• [WHAT IS EXPECTED]:
Would you print the lines below exactly, beginning at the line that has "Ein modernes Haus" and stopping after the line that has "Bride rubs sunscreen"? Only those lines, and no pictures.

[Items from a dataset]

====

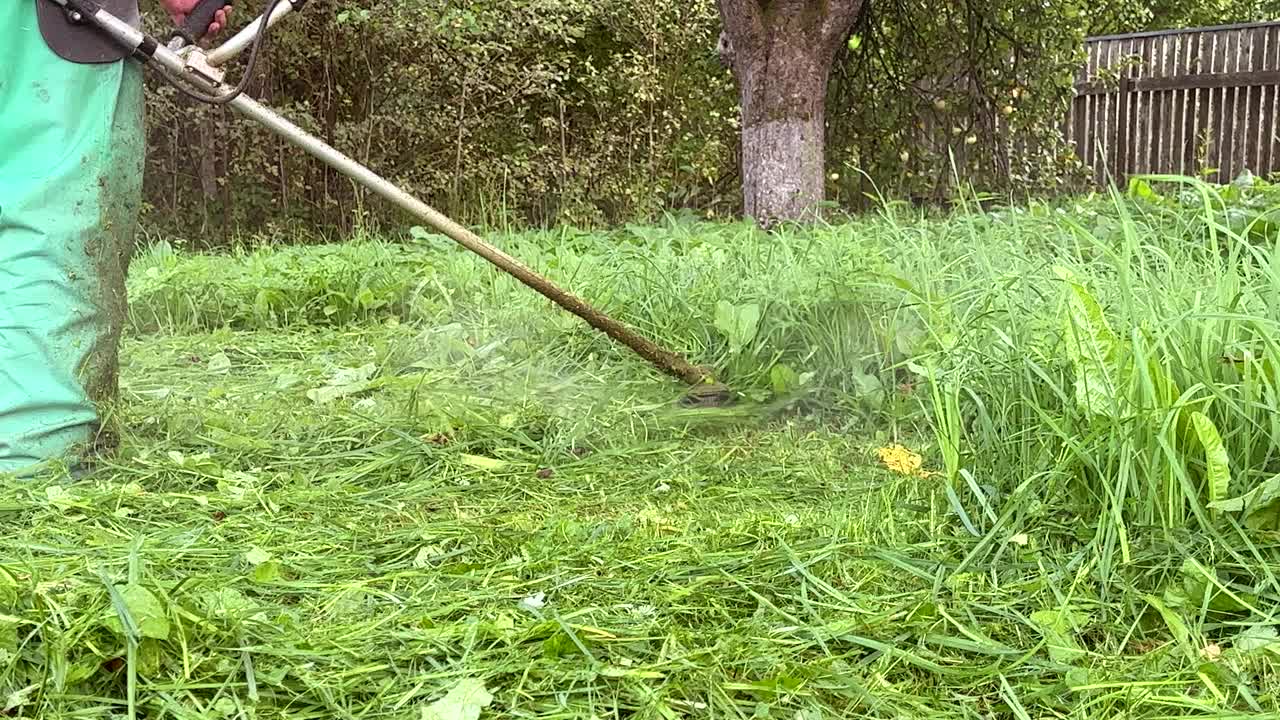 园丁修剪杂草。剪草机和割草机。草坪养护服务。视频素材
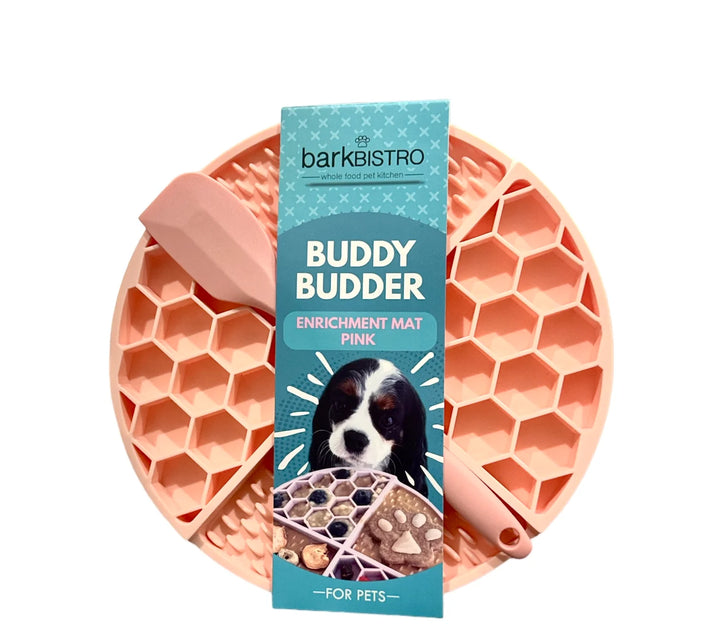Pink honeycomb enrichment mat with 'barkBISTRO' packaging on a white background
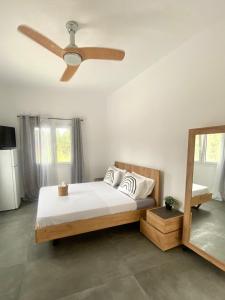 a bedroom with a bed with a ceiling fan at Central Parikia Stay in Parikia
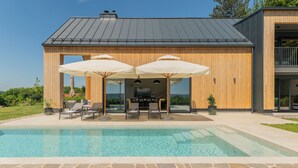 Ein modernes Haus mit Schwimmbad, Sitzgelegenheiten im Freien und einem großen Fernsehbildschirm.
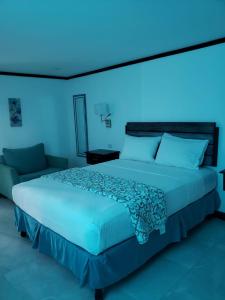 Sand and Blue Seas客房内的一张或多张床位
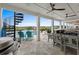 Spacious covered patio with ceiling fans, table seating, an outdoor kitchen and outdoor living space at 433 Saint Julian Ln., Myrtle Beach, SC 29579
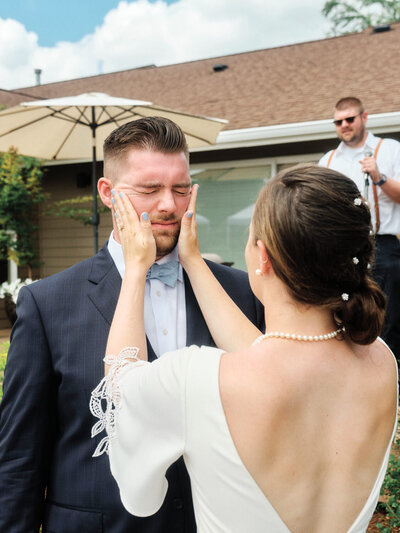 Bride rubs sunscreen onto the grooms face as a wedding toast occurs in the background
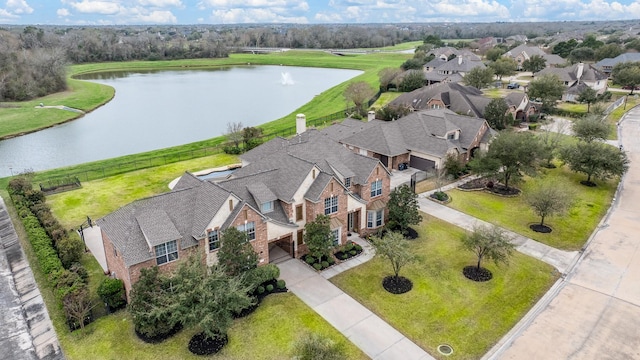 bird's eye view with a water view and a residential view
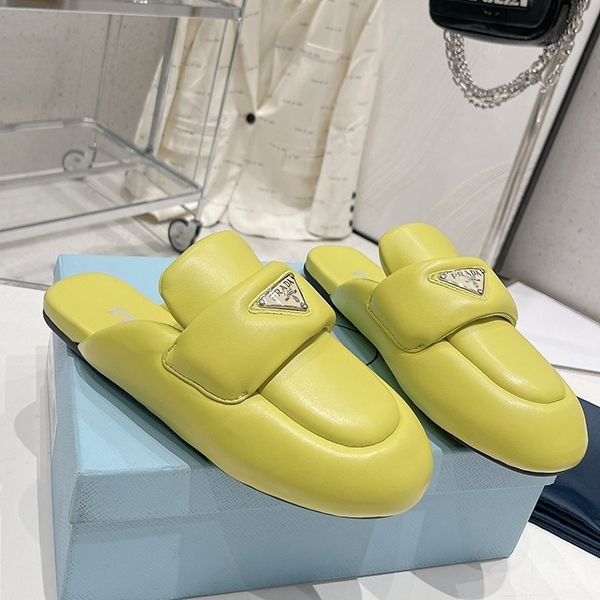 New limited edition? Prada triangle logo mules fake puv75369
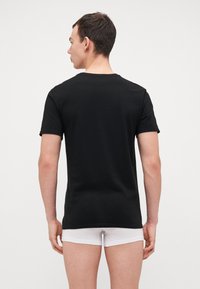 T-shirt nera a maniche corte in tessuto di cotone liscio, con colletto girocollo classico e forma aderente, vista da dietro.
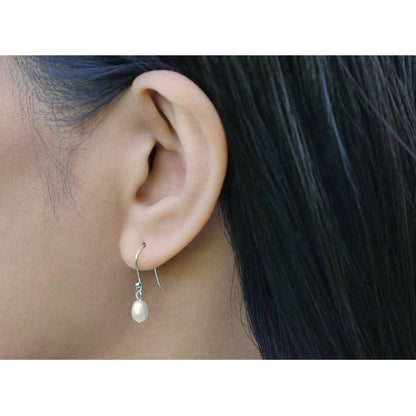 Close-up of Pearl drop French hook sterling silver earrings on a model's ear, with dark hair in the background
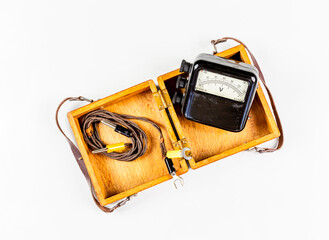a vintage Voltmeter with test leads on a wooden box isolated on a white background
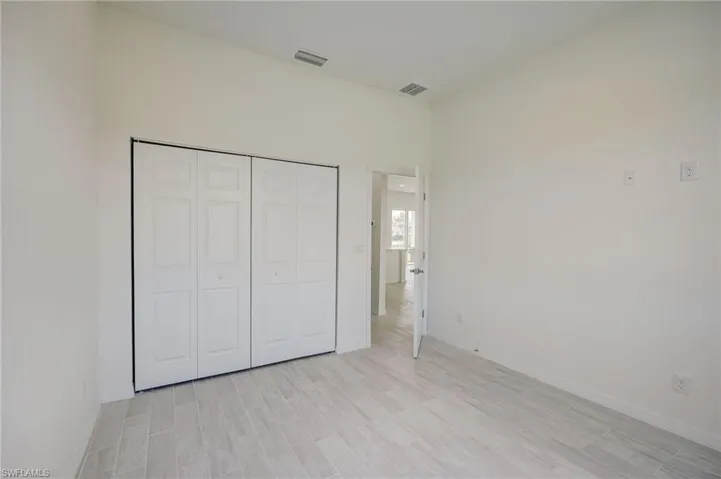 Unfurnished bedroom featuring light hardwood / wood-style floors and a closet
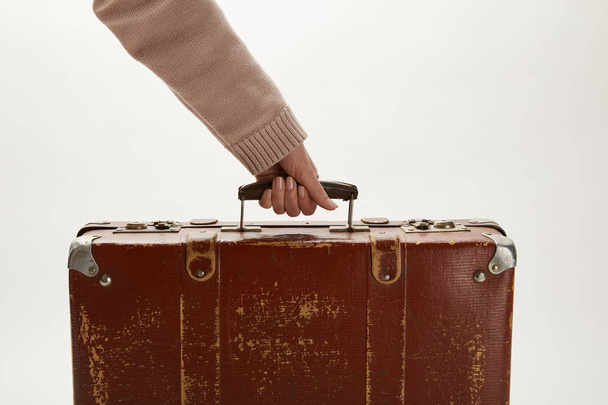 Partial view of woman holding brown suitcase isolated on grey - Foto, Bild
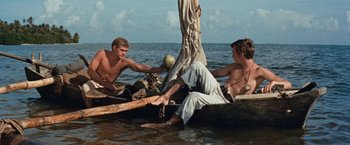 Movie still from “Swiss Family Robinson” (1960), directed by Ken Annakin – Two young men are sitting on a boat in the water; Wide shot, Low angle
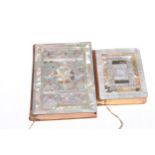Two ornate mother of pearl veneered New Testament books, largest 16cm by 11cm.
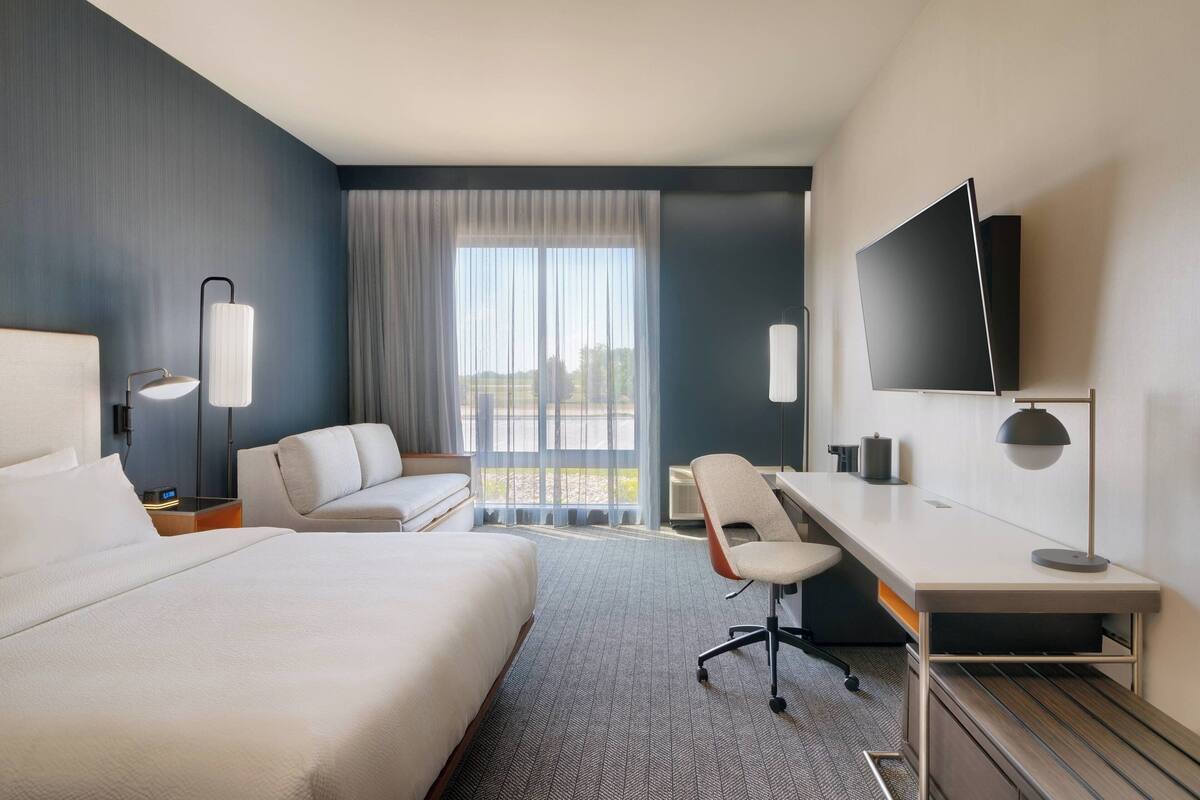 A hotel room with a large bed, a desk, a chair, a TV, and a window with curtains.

====

• [EXERCISE SOLUTION]:
 Ein modernes Haus mit Schwimmbad, Sitzgelegenheiten im Freien und einem großen Fernsehbildschirm.
 Sand and Blue Seas客房内的一张或多张床位
 Spacious covered patio with ceiling fans, table seating, an outdoor kitchen and outdoor living space at 433 Saint Julian Ln., Myrtle Beach, SC 29579
 Bride rubs sunscreen onto the grooms face as a wedding toast occurs in the background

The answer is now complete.